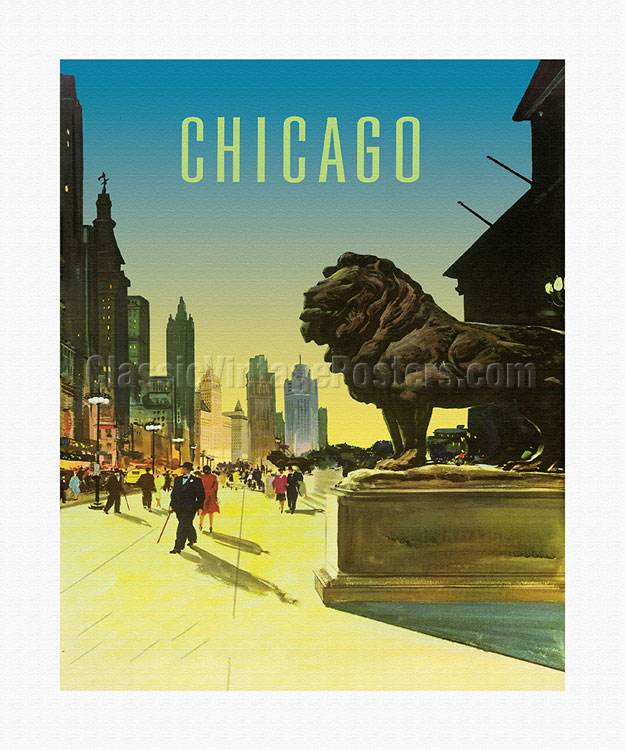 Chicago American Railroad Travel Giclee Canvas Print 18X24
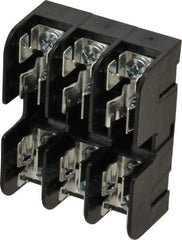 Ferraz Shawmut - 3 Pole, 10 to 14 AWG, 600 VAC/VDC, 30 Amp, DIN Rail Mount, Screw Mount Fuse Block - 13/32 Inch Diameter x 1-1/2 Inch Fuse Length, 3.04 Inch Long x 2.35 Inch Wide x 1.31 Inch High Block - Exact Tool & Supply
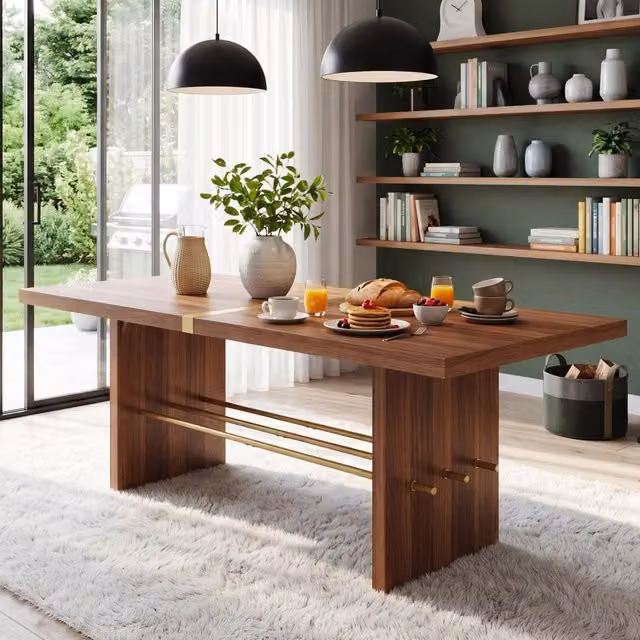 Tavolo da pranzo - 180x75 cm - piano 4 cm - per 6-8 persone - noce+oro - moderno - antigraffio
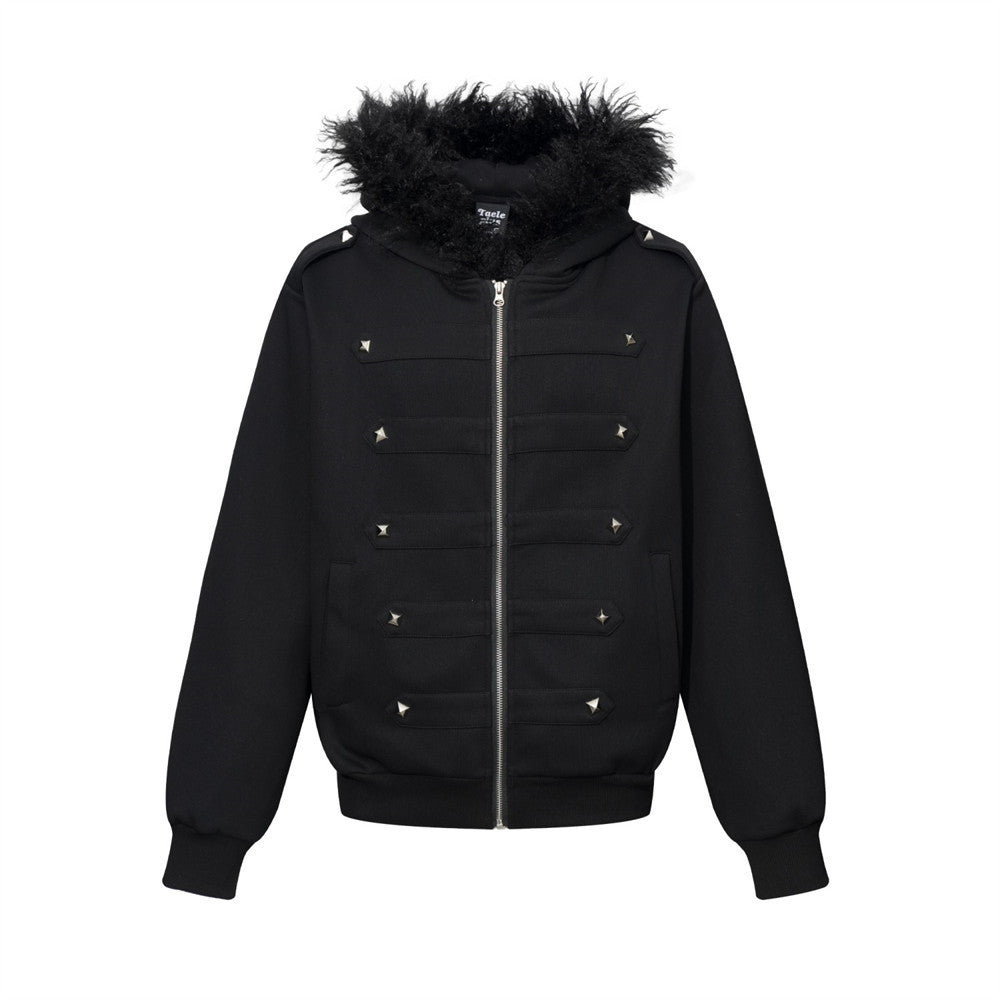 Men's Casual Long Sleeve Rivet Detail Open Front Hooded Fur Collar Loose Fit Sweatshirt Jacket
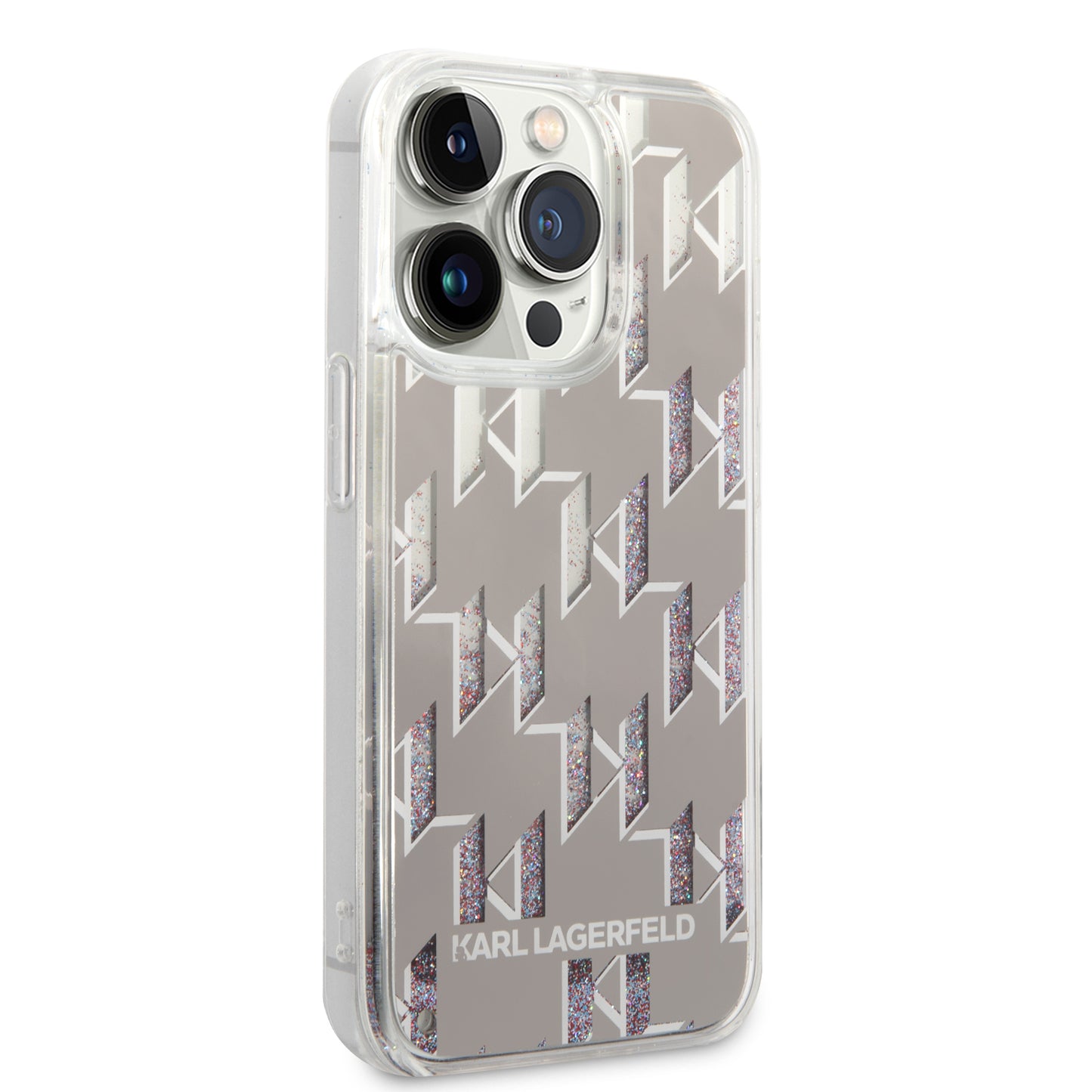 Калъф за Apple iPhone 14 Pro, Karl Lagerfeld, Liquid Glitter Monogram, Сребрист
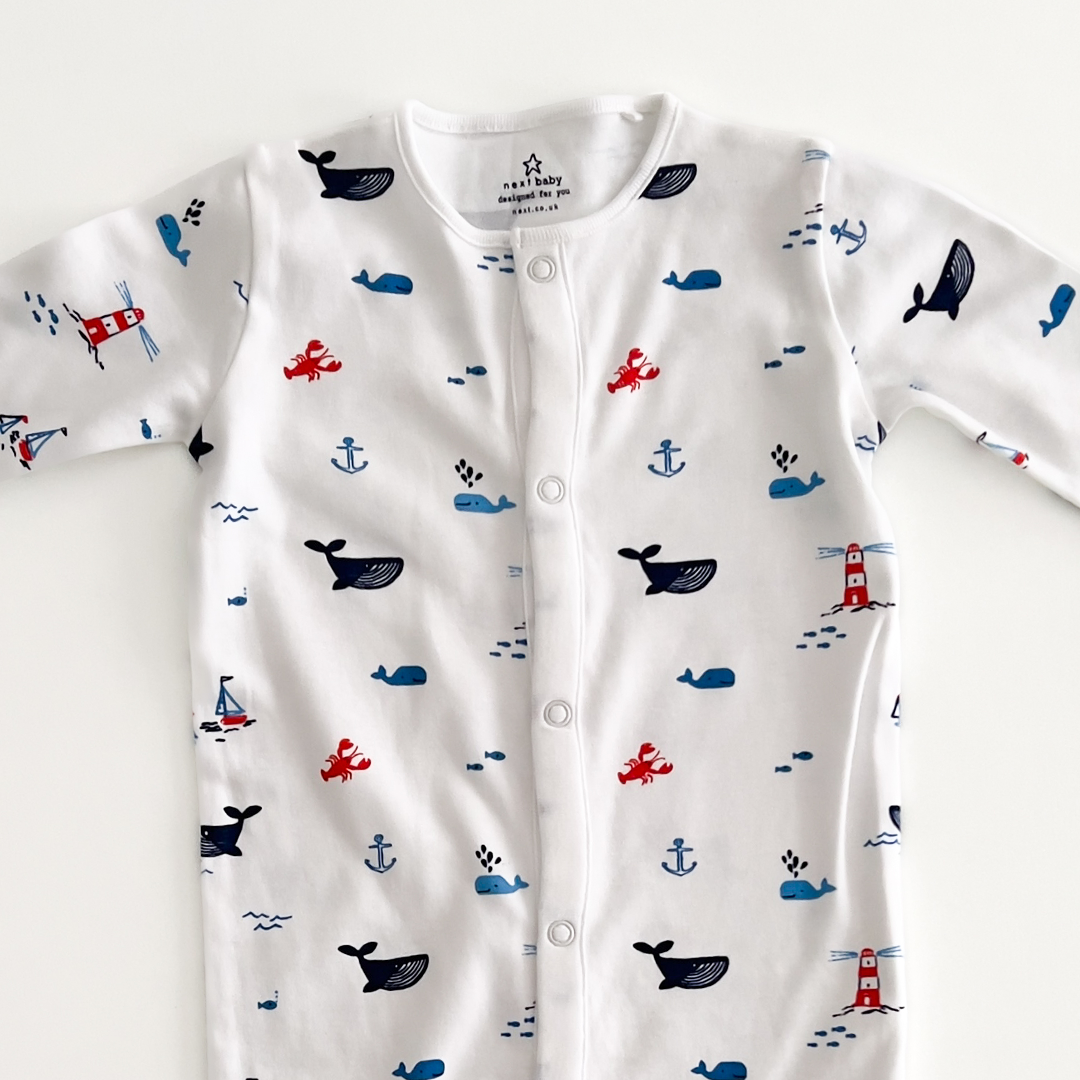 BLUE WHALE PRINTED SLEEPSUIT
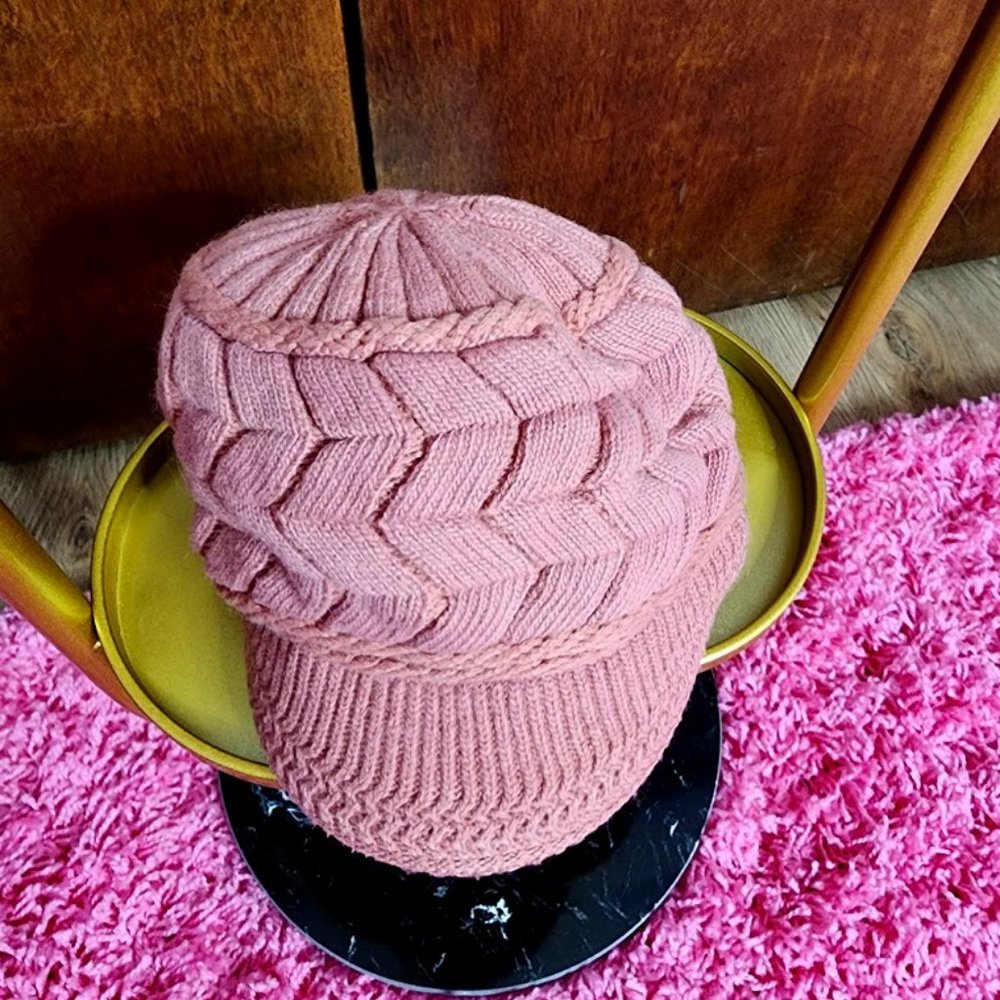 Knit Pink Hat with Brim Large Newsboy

PROBLEM STATEMENT: The records above are to be repeated exactly, apart from their pictures.

SOLUTION TO THIS PROBLEM:
 Chicago American Railroad Travel Giclee Canvas Print 18X24
 Ferraz Shawmut - 3 Pole, 10 to 14 AWG, 600 VAC/VDC, 30 Amp, DIN Rail Mount, Screw Mount Fuse Block - 13/32 Inch Diameter x 1-1/2 Inch Fuse Length, 3.04 Inch Long x 2.35 Inch Wide x 1.31 Inch High Block - Exact Tool & Supply
 Tavolo da pranzo - 180x75 cm - piano 4 cm - per 6-8 persone - noce+oro - moderno - antigraffio
 Men's Casual Long Sleeve Rivet Detail Open Front Hooded Fur Collar Loose Fit Sweatshirt Jacket
 Калъф за Apple iPhone 14 Pro, Karl Lagerfeld, Liquid Glitter Monogram, Сребрист
 BLUE WHALE PRINTED SLEEPSUIT
 Knit Pink Hat with Brim Large Newsboy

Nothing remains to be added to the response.